[wptrunner/chromium] De-dupe merged expected statuses (#26674)

Merge expected and known_intermittent into a set and sort it to produce
stable, unique expected statuses.

We suspect two sources of duplication:
* known_intermittent from mozlog seems to include the expected status.
* Some statuses map to the same Chromium status (e.g. FAIL and ERROR).
diff --git a/tools/wptrunner/wptrunner/formatters/chromium.py b/tools/wptrunner/wptrunner/formatters/chromium.py
index cef01c4..3c52f76 100644
--- a/tools/wptrunner/wptrunner/formatters/chromium.py
+++ b/tools/wptrunner/wptrunner/formatters/chromium.py
@@ -172,7 +172,7 @@
         to the actual status if it's not.
 
         If the test has multiple statuses, it will have other statuses listed as
-        "known_intermittent" in |data|. If these exist, they will be appended to
+        "known_intermittent" in |data|. If these exist, they will be added to
         the returned status with spaced in between.
 
         :param str actual_status: the actual status of the test
@@ -181,8 +181,9 @@
         """
         expected_statuses = self._map_status_name(data["expected"]) if "expected" in data else actual_status
         if data.get("known_intermittent"):
-            expected_statuses += " " + " ".join(
-                [self._map_status_name(other_status) for other_status in data["known_intermittent"]])

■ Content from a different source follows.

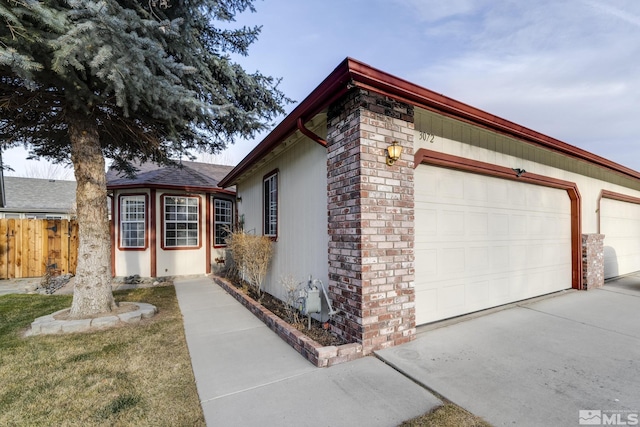 view of property exterior featuring a garage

+            all_statsues = {self._map_status_name(other_status) for other_status in data["known_intermittent"]}
+            all_statsues.add(expected_statuses)

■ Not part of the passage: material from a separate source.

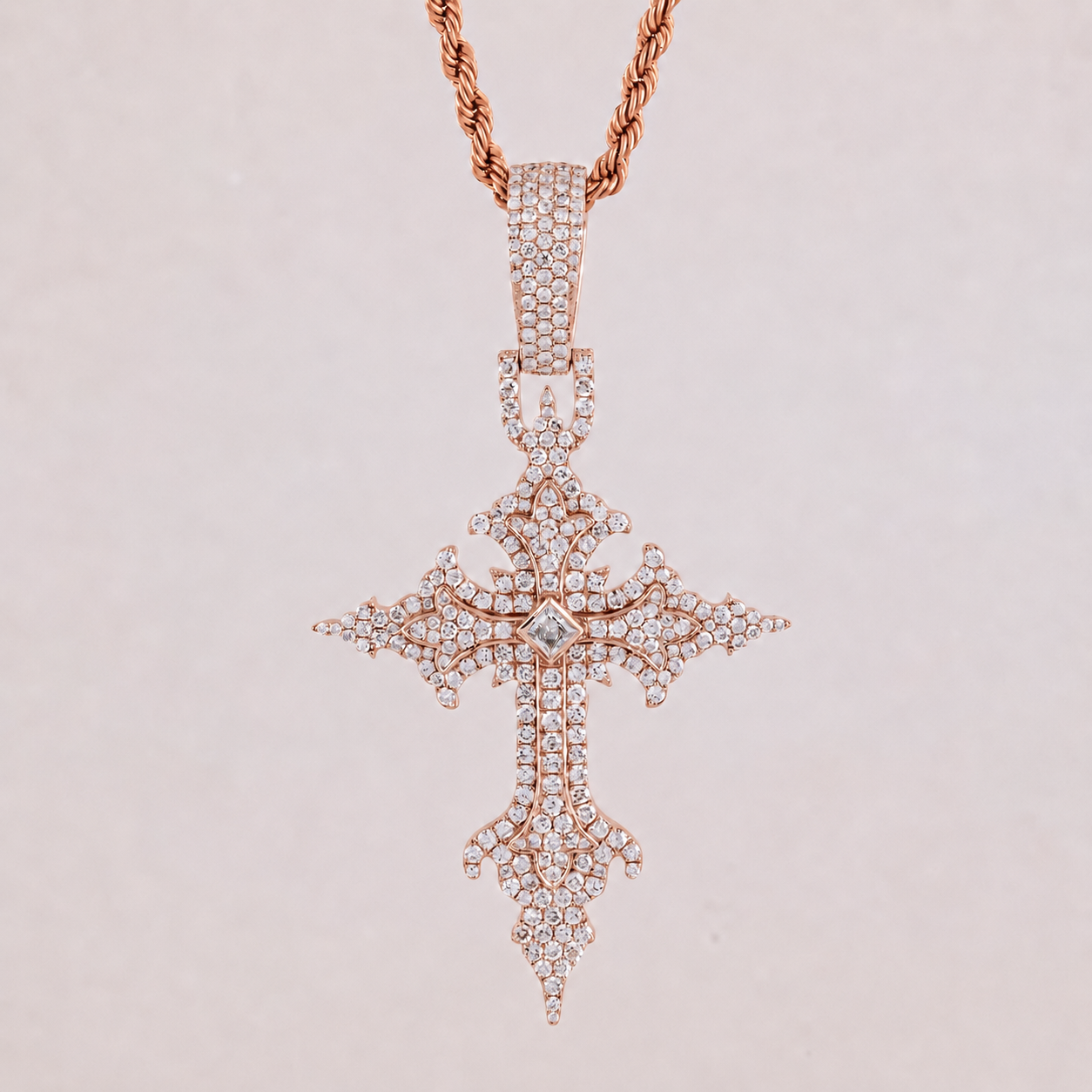 Rose gold cross pendant with diamonds on a light pink background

+            expected_statuses = " ".join(sorted(all_statsues))
         return expected_statuses
 
     def suite_start(self, data):
diff --git a/tools/wptrunner/wptrunner/formatters/tests/test_chromium.py b/tools/wptrunner/wptrunner/formatters/tests/test_chromium.py
index 8f8e732..807f583 100644
--- a/tools/wptrunner/wptrunner/formatters/tests/test_chromium.py
+++ b/tools/wptrunner/wptrunner/formatters/tests/test_chromium.py
@@ -426,8 +426,8 @@
     test_obj = output_json["tests"]["t1"]

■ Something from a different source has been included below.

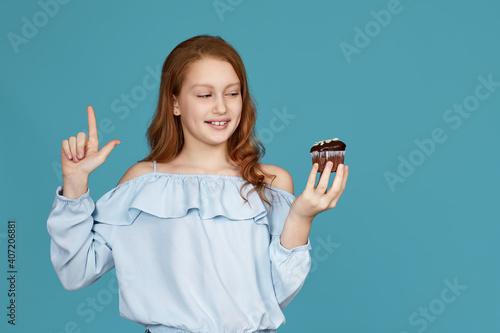 smiling redhead child girl is holding in hand cake and pointing up isolated over blue background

     # The test's statuses are all mapped, changing ERROR->FAIL and OK->PASS
     assert test_obj["actual"] == "FAIL"
-    # All the possible statuses are concatenated together into expected.
-    assert test_obj["expected"] == "PASS FAIL TIMEOUT"
+    # All the possible statuses are merged and sorted together into expected.
+    assert test_obj["expected"] == "FAIL PASS TIMEOUT"
     # ...this is not a regression or unexpected because the actual status is one
     # of the expected ones
     assert "is_regression" not in test_obj
@@ -462,7 +462,7 @@
     test_obj = output_json["tests"]["t1"]
     # The test's statuses are all mapped, changing ERROR->FAIL and OK->PASS
     assert test_obj["actual"] == "FAIL"
-    # All the possible statuses are concatenated together into expected.
+    # All the possible statuses are merged and sorted together into expected.
     assert test_obj["expected"] == "PASS TIMEOUT"
     # ...this is a regression and unexpected because the actual status is not
     # one of the expected ones
@@ -536,6 +536,39 @@
     assert test_obj["expected"] == "PASS"
 
 
+def test_known_intermittent_duplicate(capfd):
+    # We don't want to have duplicate statuses in the final "expected" field.
+
+    # Set up the handler.
+    output = StringIO()
+    logger = structuredlog.StructuredLogger("test_a")
+    logger.add_handler(handlers.StreamHandler(output, ChromiumFormatter()))
+
+    # There are two duplications in this input:
+    # 1. known_intermittent already contains expected;
+    # 2. both statuses in known_intermittent map to FAIL in Chromium.
+    # In the end, we should only get one FAIL in Chromium "expected".
+    logger.suite_start(["t1"], run_info={}, time=123)
+    logger.test_start("t1")
+    logger.test_end("t1", status="ERROR", expected="ERROR", known_intermittent=["FAIL", "ERROR"])
+    logger.suite_end()
+
+    # Check nothing got output to stdout/stderr.
+    # (Note that mozlog outputs exceptions during handling to stderr!)
+    captured = capfd.readouterr()
+    assert captured.out == ""
+    assert captured.err == ""
+
+    # Check the actual output of the formatter.
+    output.seek(0)
+    output_json = json.load(output)
+
+    test_obj = output_json["tests"]["t1"]
+    assert test_obj["actual"] == "FAIL"
+    # No duplicate "FAIL" in "expected".
+    assert test_obj["expected"] == "FAIL"
+
+
 def test_reftest_screenshots(capfd):
     # reftest_screenshots, if present, should be plumbed into artifacts.